Vehling’s attorneys filed an opening brief on her behalf on Thursday ahead of an Aug. 30 hearing on her petition before Judge Mary H. Strobel.
Vehling headed the UCLA Spirit Squad for almost two decades. She was put on leave in December 2018 and fired in May 2019.
The Spirit Squad attends basketball and football games to cheer on UCLA’s teams, but the squad’s responsibilities extend beyond just dancing or cheering in that they also are ambassadors for UCLA who help maintain positive relationships with high-profile UCLA donors, Vehling’s lawyers state in their court papers.
The university found that Vehling directed some members of the squad to accompany former state Sen. Alan Robbins to the “Absinthe” show at Caesars Palace in November 2018 while the team was in Las Vegas for a men’s basketball tournament in violation of the UC policy on sexual violence and sexual harassment.
Robbins, a Democrat who represented his Los Angeles-area district in the state Senate from 1974-91, is a UCLA graduate and longtime school donor.
“Mollie Vehling had no notice that merely extending an invitation for Spirit Squad members to attend the `Absinthe’ show at Caesar’s Palace could subject her to charges for sexual harassment and end her 19-year career with the UCLA Spirit Squad,” her lawyers argue in their court papers.
Vehling reviewed the Caesar’s Palace website and perceived the show to be a Cirque du Soleil-type of event and she sent a GroupMe text asking the squad members if they wanted to take advantage of the opportunity during their free time, her attorneys stated in their court papers.
The “Absinthe” show is rated for individuals 18 and older and all of the Spirit Squad members who attended the show were over the age of 18, plus there was no nudity, according to Vehlings’ attorneys’ court papers.
During the performance, a show emcee who was likely a female performer saw that some Spirit Squad members arrived late and directed offensive comments at them, according to Vehling’s attorneys’ court papers.

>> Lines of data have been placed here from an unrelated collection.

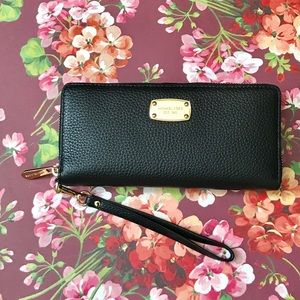 MK- Mercer Leather Continental wristlets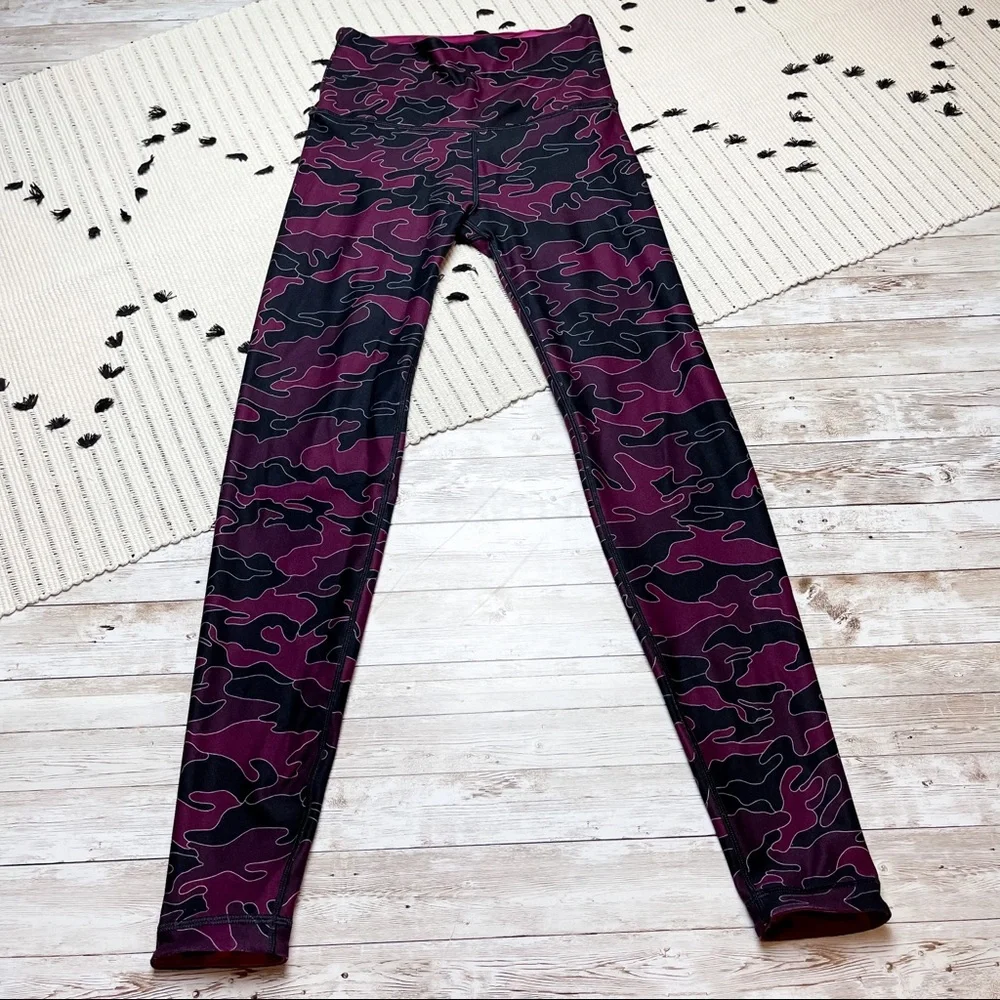 WITH High Waist Reversible Leggings Burgundy Line Camo Purple Size Small - Picture 2 of 13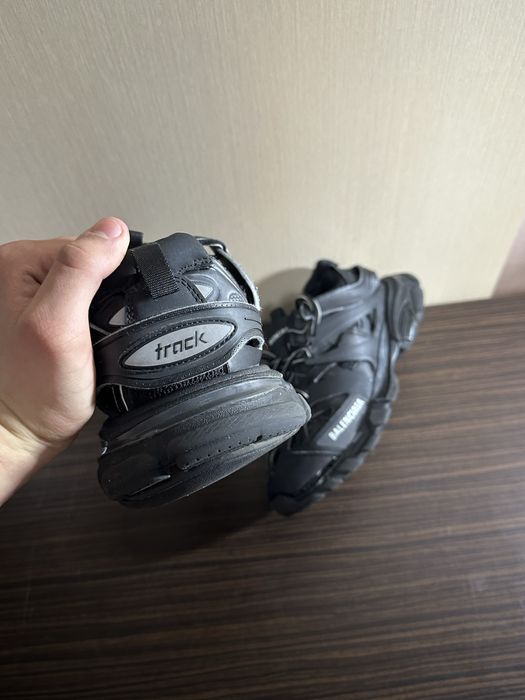 Balenciaga Track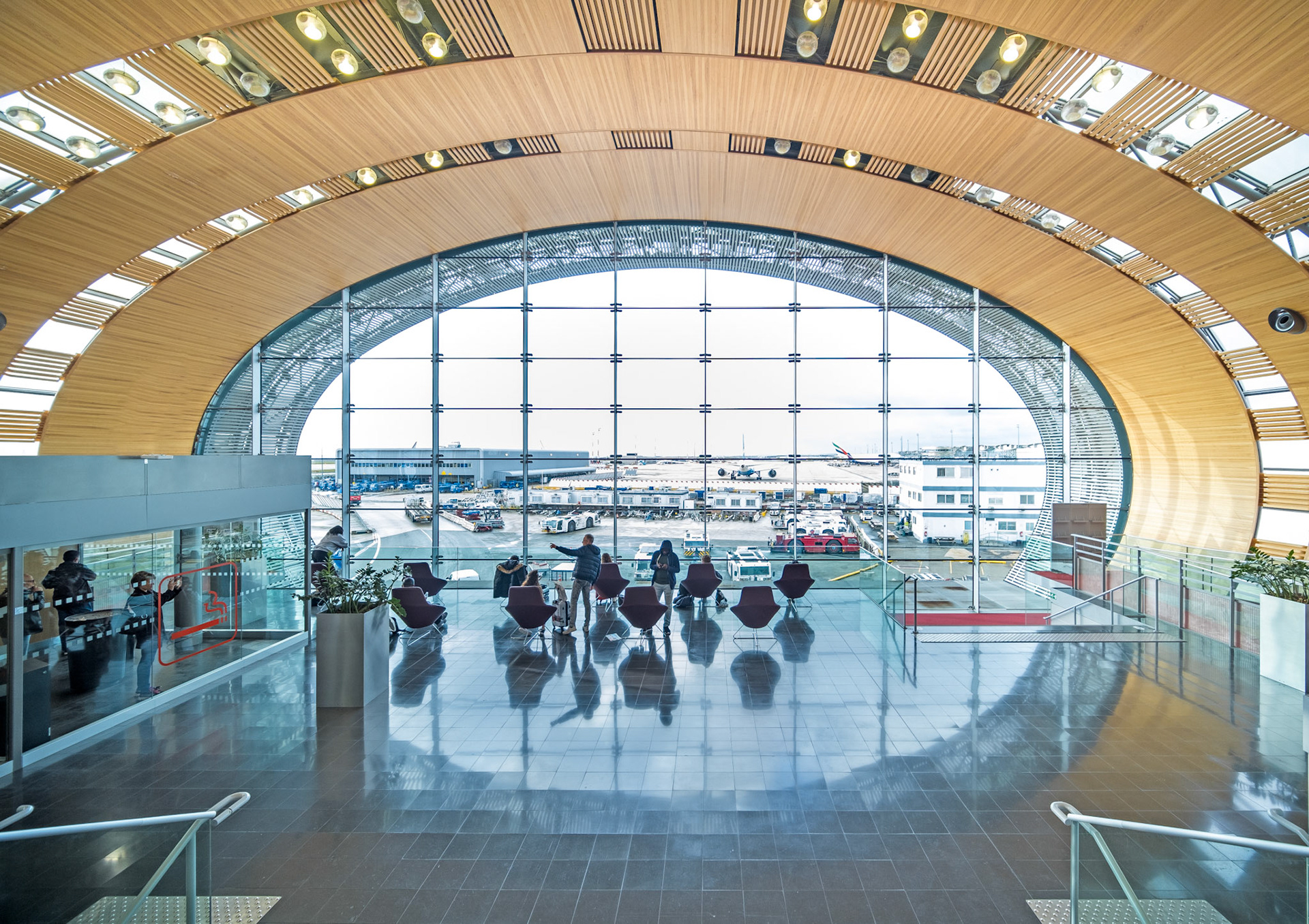 Charles de Gaule airport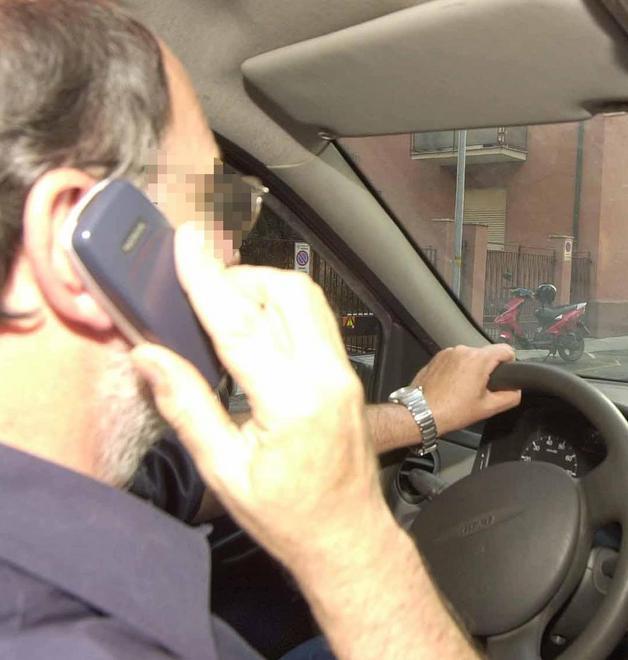 Giro di vite contro chi guida al cellulare 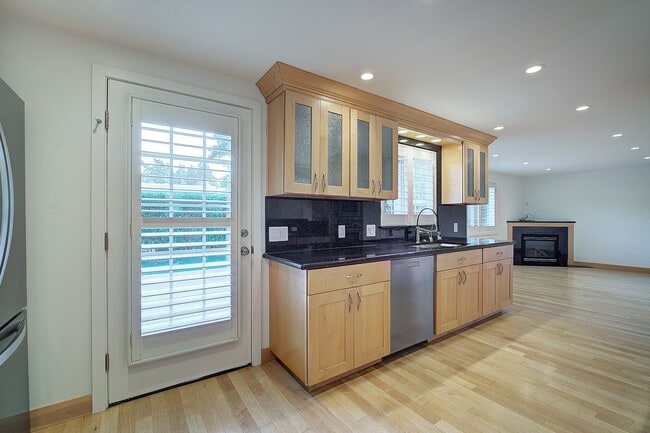 Building Photo - 3bd/2ba Mercer Island Home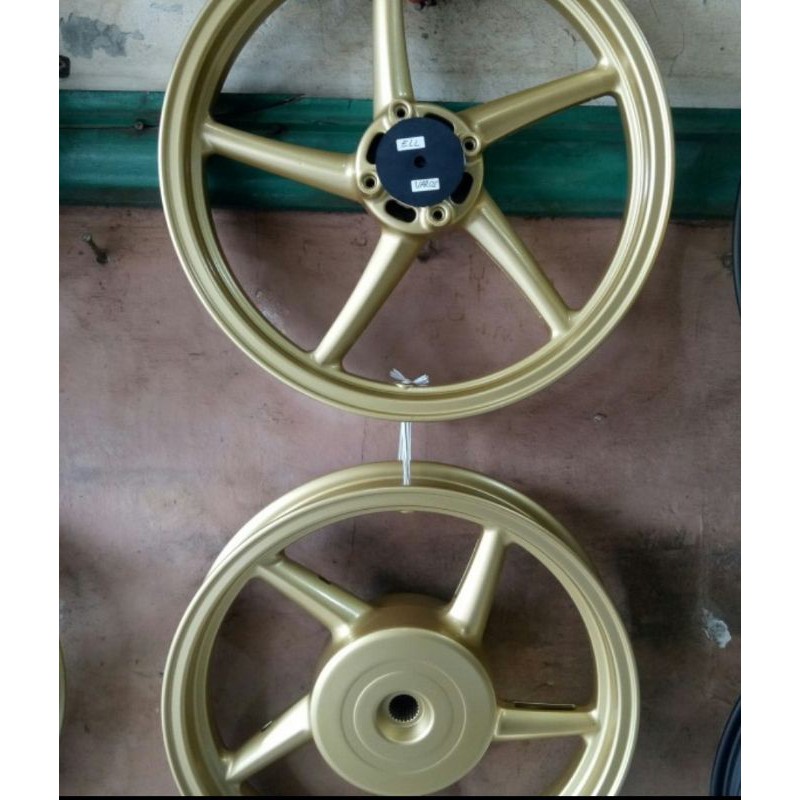pelek/velg racing merek rossi tapak lebar model rcb vario 110 uk 14x185/215 pnp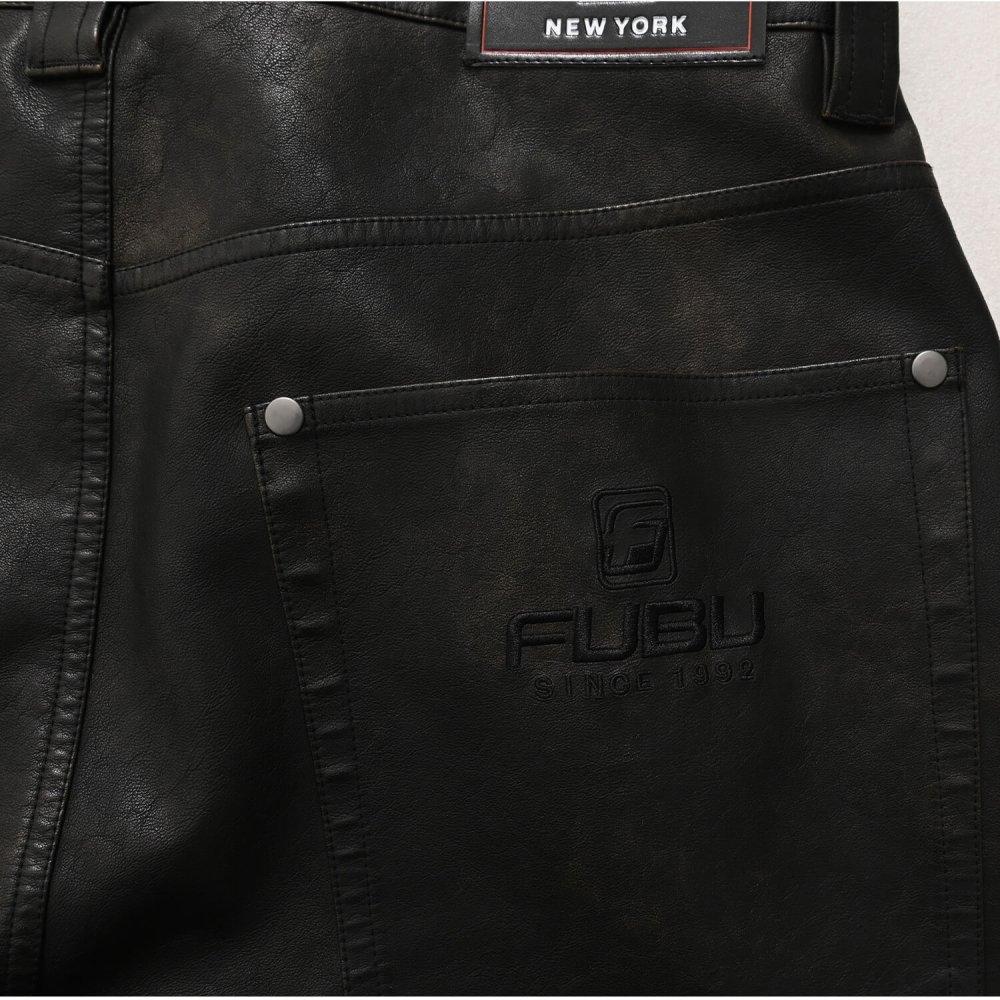FUBU フブ レザーパンツ メンズ レディース fam-61502 フェイクレザー バギーパンツ ワイドパンツ 5ポケット 合皮 ルーズシルエット ジーパン ストリート ヒップホップ ダンス カジュアル ボトムス 32 34 36 38 2026 Karlas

“When notified via text that the students were uncomfortable, Ms. Vehling advised that they should leave immediately with a buddy,” Vehling’s lawyers state in their court papers.
Robbins sent an email apologizing for the “Absinthe” show and the bad experience of the Spirit Squad, according to Vehling’s attorneys’ court papers.
In November 2018, UCLA’s Title IX office was notified that several members of the Spirit Squad said they had experienced harassing behavior when they attended the show with Robbins, Vehling’s lawyers state in their court papers.
Several female UCLA Spirit Squad members thought that Robbins was “creepy” and were uneasy dealing with him, but his alleged conduct was improperly used to justify the actions taken against Vehling, her lawyers state in their court papers.
Throughout the UCLA Title IX investigation, Vehling was denied access to her work emails, work phone and work files so she could respond, Vehling’s lawyers argue in their court papers.
Although the majority of the students who attended the show did not indicate that they felt the show amounted to harassment, the Title IX investigator found there was “sufficient evidence to conclude that the students, as a whole, felt that the behavior they were subjected to was severe,” according to Vehling’s lawyers’ court papers.
In February 2019, Public Interest Investigations Inc., was retained by UCLA to investigate allegations that Robbins “had engaged in a pattern of conduct that could be considered harassing, intimidating and disruptive to University activities, specifically with regard to members of the UCLA student Spirit Squad,” Vehling’s lawyers state in their court papers.
PII investigators interviewed 11 Spirit Squad members, six UCLA staff members and four third-party witnesses — and also spoke to Robbins twice — before determining he was “responsible for sexual harassment,” Vehling’s lawyers state in the court papers.
However, PII’s findings were overruled in September 2019 by a UCLA administrative vice-chancellor who found that there was no evidence showing that Robbins “engaged in unwelcome sexual advances, unwelcome requests for sexual favors, or other unwelcome verbal, nonverbal, or physical conduct of a sexual nature in a severe, persistent or pervasive manner,” according to Vehling’s lawyers’ court papers.
“UCLA continued to welcome Mr. Robbins as a valued donor and to accept his sizable donations to the university,” the Vehling attorneys state in their court papers.